Though the ad is apparently aiming for an air of practical realism, it also has a touch of fantasy. This is not unlike Meta’s recent Super Bowl ad, which starred a retired animatronic dog who, after a series of heartbreaking misadventures, accidentally dons a VR headset and is transported back to a virtual world in which he relives his glory days performing in an all-robot band.

Some of the new ad portrayals of the VR experience have a slightly over-the-top, sci-fi flair to them.

In one scene, for example, a group of schoolkids materializes, Star Trek-like, into a lifelike rendering of ancient Rome. In another scene, a student dons a pair of VR goggles and is transported to a very real-looking lecture hall, whereupon he begins toying with a giant, floating hologram of a cell, demonstrating the process of mitosis for his classmates – who, notably, appear to be every inch the flesh-and-blood human beings and not the cartoonish avatars that presently inhabit the metaverse.

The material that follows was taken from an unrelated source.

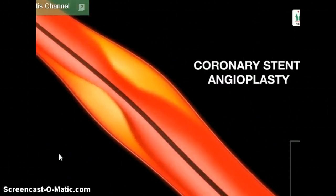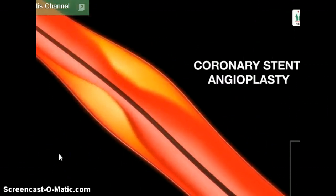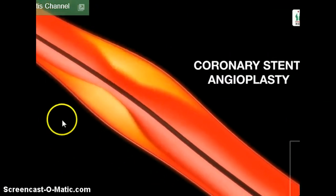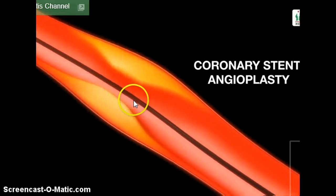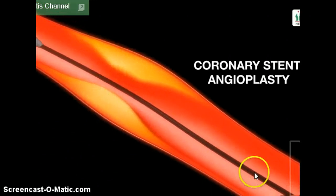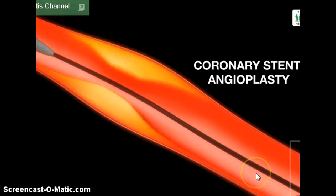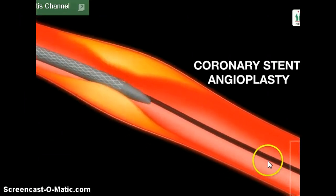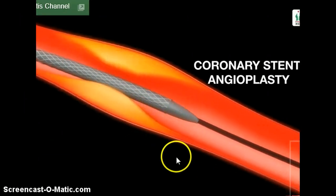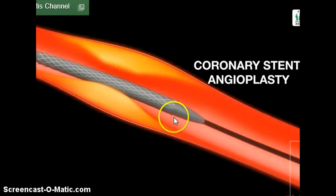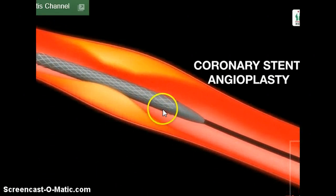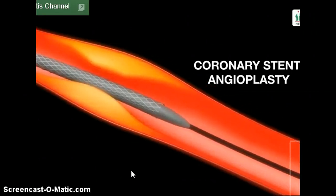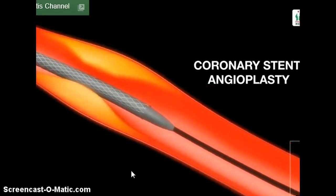The stent balloon catheter works in very much the same way. The 0.014 wire — your thinner wire — crosses the lesion. Here comes the balloon catheter with a stent mounted onto that balloon. The balloon will be inflated.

It’s possible that VR might eventually evolve to the point of being able to generate such photorealistic experiences, but we’re a long way away.

The company’s second new ad, titled ‘Fishing with Dad,’ is going – as you might be able to guess from the title – straight for a dose of sentimentality. We see a charming father and daughter, separated by thousands of miles, reconnecting behind Oculus headsets for a little virtual fishing expedition and friendly banter. The music is chipper, like the soundtrack from a Pixar movie. “It’s nice that we’re actually doing something together so far apart from each other,” the daughter tells us toward the end of the spot.

The core theme behind both of the new ads seems to be that the metaverse will be about far more than games and virtual clothing – it will be about improving the quality of lives in a direct, appreciable way; through enhanced learning opportunities, for example, and deeper social connections across vast distances. Whether or not Meta’s vision for the future of the metaverse becomes a reality remains to be seen.